A locally deployable web application that allows users to improve their English listening and dictation skills, with an AI coach that analyzes your practice history and recommends what to study next.

Tech Stack

Backend

  • Python 3.8+
  • FastAPI - Modern, fast web framework for building APIs
  • Uvicorn - ASGI server
  • yt-dlp - YouTube video and subtitle extraction
  • SQLAlchemy - Database ORM
  • SQLite - Database for storing videos and sentences
  • NLTK - Natural language processing for sentence segmentation
  • Qdrant - Vector database for storing sentence and learning-history embeddings (AI coach)
  • sentence-transformers - Local embedding models for sentence and history vectors
  • Gemini (via LangChain) - LLM provider powering the AI coach feedback

Frontend

  • React 18 - UI library
  • TypeScript - Type-safe JavaScript
  • Tailwind CSS - Utility-first CSS framework
  • Vite - Fast build tool and dev server
  • Axios - HTTP client

Project Structure

Ear2Finger/
├── pyproject.toml               # Python package metadata (PyPI) + dependencies
├── src/ear2finger/              # Installable application package
│   ├── app.py                   # FastAPI app (serves /api + bundled UI from web/dist when present)
│   ├── database.py, auth.py, …  # Core modules and routers/, services/
│   └── web/dist/                # Production frontend build (copy from frontend/dist before releases)
├── backend/
│   ├── main.py                  # Thin shim: uvicorn main:app (adds ../src to PYTHONPATH)
│   └── requirements.txt         # Points to pyproject.toml; use pip install -e ..
├── frontend/                    # React frontend
│   ├── src/
│   │   ├── App.tsx              # Main React component with tab navigation
│   │   ├── components/          # React components
│   │   │   ├── Workspace.tsx       # Dictation workspace with per-word input + AI coach panel
│   │   │   ├── Dashboard.tsx       # Practice dashboard with AI coach summary and tips
│   │   │   ├── LessonHistory.tsx   # Per-lesson session history with “Ask coach” integration
│   │   │   └── YouTubeProcessor.tsx# YouTube video processing UI
│   │   ├── main.tsx             # React entry point
│   │   └── index.css            # Global styles with Tailwind
│   ├── package.json             # Node.js dependencies
│   ├── vite.config.ts           # Vite configuration
│   ├── tsconfig.json            # TypeScript configuration
│   └── tailwind.config.js       # Tailwind CSS configuration
│
└── README.md                    # This file

Prerequisites

  • Python 3.8+ and pip
  • Node.js 18+ and npm (or yarn/pnpm)
  • FFmpeg (required for MP3 audio conversion from YouTube videos)
    • Install on macOS: brew install ffmpeg
    • Install on Ubuntu/Debian: sudo apt-get install ffmpeg
    • Install on Windows: Download from FFmpeg website

Setup Instructions

Backend Setup

  1. Navigate to the backend directory:

    cd backend
    
  2. Create a virtual environment (recommended):

    python -m venv venv
    
  3. Activate the virtual environment:

    • On macOS/Linux:
      source venv/bin/activate
      
    • On Windows:
      venv\Scripts\activate
      
  4. Install dependencies:

    pip install -r requirements.txt
    
  5. (Recommended) Copy environment variables:

    cp .env.example .env
    

    Edit .env to configure:

    • Database, Qdrant URL/API key, and embedding model
    • Gemini API key and GEMINI_MODEL (required for the AI coach)
  6. Run the development server:

    uvicorn main:app --reload --host 0.0.0.0 --port 8000
    

    The API will be available at http://localhost:8000

    • API documentation: http://localhost:8000/docs (Swagger UI)
    • Alternative docs: http://localhost:8000/redoc

Frontend Setup

  1. Navigate to the frontend directory:

    cd frontend
    
  2. Install dependencies:

    npm install
    

    (or use yarn install or pnpm install)

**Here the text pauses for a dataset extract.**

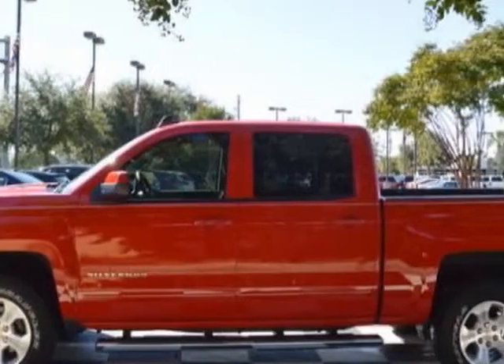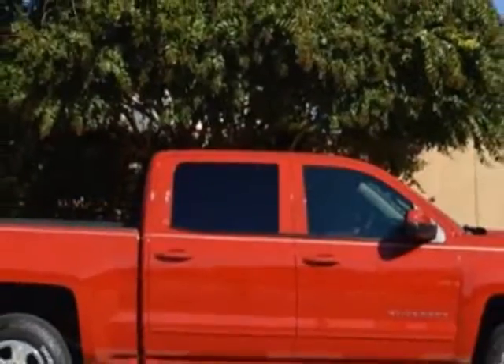Call 888-817-5744 or email our friendly sales staff today to schedule a test drive.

  3. Start the development server:

    npm run dev
    

    The frontend will be available at http://localhost:3000

PyPI package

The Python distribution name is ear2finger (see pyproject.toml). Build wheels locally as below, then publish to PyPI with Twine when you are ready.

Install and run (bundled UI + API on one port):

pip install ear2finger
ear2finger --host 0.0.0.0 --port 8000
# Open http://127.0.0.1:8000

Develop from a git clone (editable install):

pip install -e .
uvicorn ear2finger.app:app --reload --host 0.0.0.0 --port 8000

Refresh the bundled UI before building a release wheel (after npm run build in frontend/):

rm -rf src/ear2finger/web/dist && cp -R frontend/dist src/ear2finger/web/dist

Build sdist + wheel (from repo root, in a virtualenv):

pip install build
python -m build

Upload (Twine + PyPI credentials):

pip install twine
twine upload dist/*

Running the Application

  1. Start the backend (from backend/ with venv, after pip install -e ..):

    uvicorn ear2finger.app:app --reload
    

    Or, without installing the package: cd backend && uvicorn main:app --reload (shim loads src/).

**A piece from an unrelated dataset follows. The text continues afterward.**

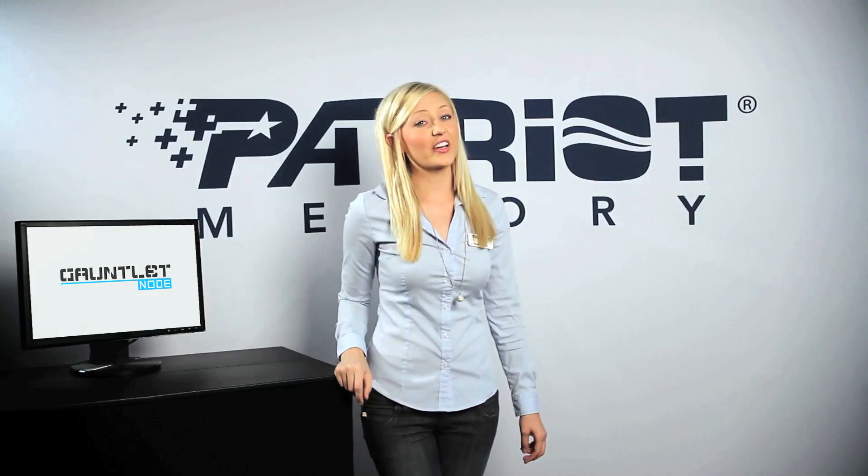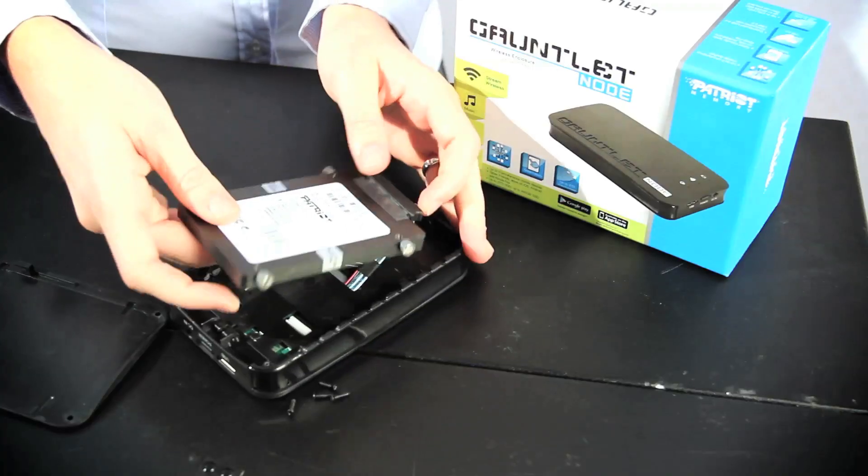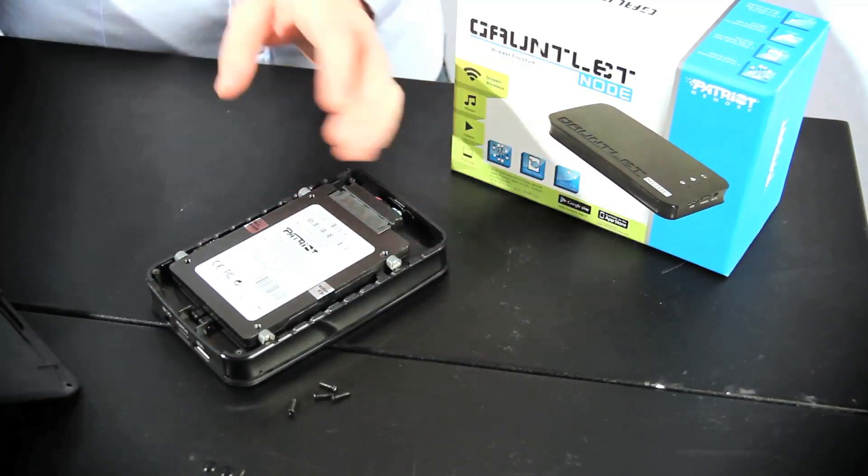Sharing is caring, and you can do that with a Gauntlet Node. Take any existing 2.5 inch hard drive or SSD, place it into the Gauntlet Node, and wirelessly share and stream movies, music, and documents to any computer, notebook, netbook, laptop, tablet, or smartphone — and connect up to 8 devices all at the same time.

  2. Start the frontend (from frontend/ directory, in a new terminal):

    npm run dev
    
  3. Open your browser and navigate to http://localhost:3000

Features

Core Learning Flow

  • YouTube import: Paste a YouTube URL and turn it into a structured dictation lesson.
  • Extract subtitles: Automatically extract subtitles from YouTube videos using yt-dlp.
  • Download MP3 audio: Download audio-only MP3 files from YouTube videos (requires FFmpeg).
  • Sentence segmentation: Intelligently segment subtitles into individual sentences using NLTK.
  • Timestamp storage: Store each sentence with precise start and end timestamps.
  • Database storage: Store processed videos, sentences, audio paths, and learning events in SQLite.
  • Dictation workspace: Practice sentence-by-sentence with per-word inputs, hints, and keyboard shortcuts.
  • Lesson playlists: Organize imported videos into playlists and track progress per lesson.

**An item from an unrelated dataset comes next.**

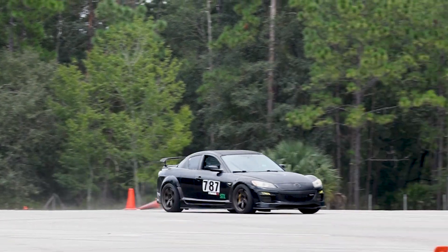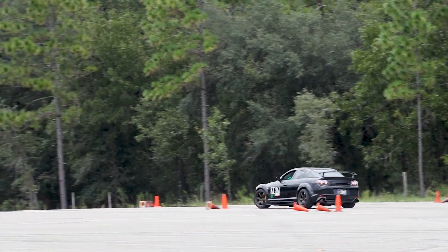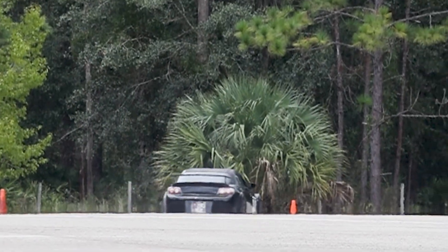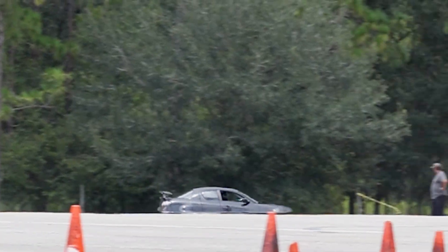Then you have Mr. Patrick rounding the showcase turn. And the beautiful BMW M3 in vintage class.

AI Coach / AI Agent (highlight)

The AI coach is a personalized language-learning agent that reads your practice history and:

  • Summarizes your progress: Explains what you are doing well and where you are struggling, based on:
    • Per-word spelling difficulty
    • Hint usage
    • Error rates over time
  • Generates tailored advice: Produces 3–5 concrete, numbered suggestions for what to practice next.
  • Recommends sentences to review: Uses Qdrant to find sentences containing your weakest words and surfaces them as practice recommendations.
  • Respects your data: Uses your own practice stats and sentence history only; embeddings and vectors are stored in your own Qdrant instance.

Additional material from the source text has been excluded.